No por azar, ese despotismo caudillista, ese militarismo infame, fue la premisa real sobre la cual se levantó la construcción del socialismo en Venezuela, como en el resto de la América Latina. Un caudillismo que, bajo la pomposa nominación de “cesarismo democrático” , tuvo en las academias su mejor respaldo argumentativo. Cierta hermenéutica contemporánea, llevada de la mano de la lógica positivista, presupone que la naturaleza del pensamiento marxista latinoamericano es lo más ajeno y distante a la cultura vernácula. No obstante, conviene señalar que esta presuposición comporta una retórica simplista e increíblemente artificial. Una retórica que por años ha intentado imponer como su única “lógica” su anti-marxismo patológico. Pero la realidad es otra. De hecho, y a pesar de lo que digan los manuales, las colonias de la América hispana recibieron una formación escolástica sustentada sobre los rígidos principios implantados por un catolicismo contra-reformista, que hizo del dogmatismo y la ortodoxia de la fe sus mayores virtudes, siendo, además, el “santo oficio” la garantía de su fiel cumplimiento. La fe positivizada y puesta en manos de la teología filosofante, con el tiempo, se transformaría en el fundamento, no siempre visible, de la lógica del entendimiento abstracto. De la teología de la Ilustración surgieron y se nutrieron las universidades latinoamericanas, de donde inevitablemente tenía que surgir el positivismo, el mismo que sirvió de sustentación a los caudillos que se hicieron del poder. Pero, además, fue el positivismo la premisa lógica necesaria para que surgiera el interés por el diamat, como consecuencia necesaria de sus tesis fundamentales.
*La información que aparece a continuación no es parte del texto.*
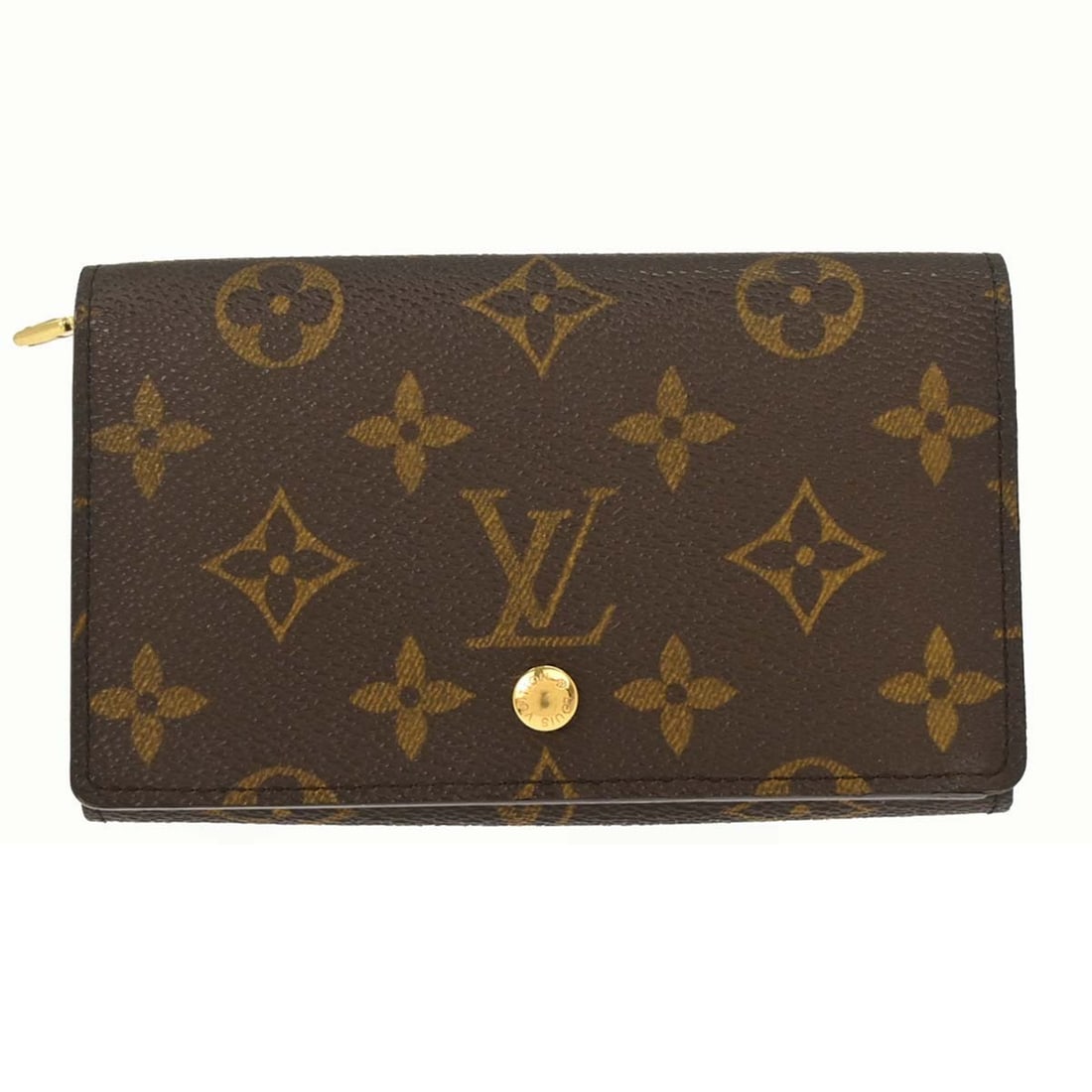 Louis Vuitton Tresor Brown Monogram Canvas Folding Wallet M61730 (1 of 15)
La suerte estaba echada. La Positivität, ese certum que ha sido puesto por la reflexión del entendimiento como sustituto de la verdad, es el resultado de una audaz operación lógica, histórica, política, social e ideológica. Pero ese mismo entendimiento abstracto -de origen teológico y escolástico- fue el guía supremo de la Ilustración, aunque con caracteres invertidos. Más tarde lo sería de la doctrina positivista y del empirismo lógico, que en buena medida terminarían sustituyendo el espíritu de la Ilustración por su letra inerte. Para sorpresa de muchos, el diamat, la doctrina materialista sobre la cual se sustenta la gobernante versión asiática del socialismo actual, es el heredero no reconocido de la lógica del entendimiento. Por eso los nietos de los viejos caudillos se convirtieron, primero, en los peores enemigos de la inédita experiencia democrática venezolana y, más tarde, en los secuestradores de un país que han terminado por conducir a la ruina. Al final, el viejo alcatraz no solo terminó confundiendo el mortal peñasco con una “sardina gorda”. Dejó el legado de lanzarse sumariamente para perder la vida al estrellarse contra los riscos.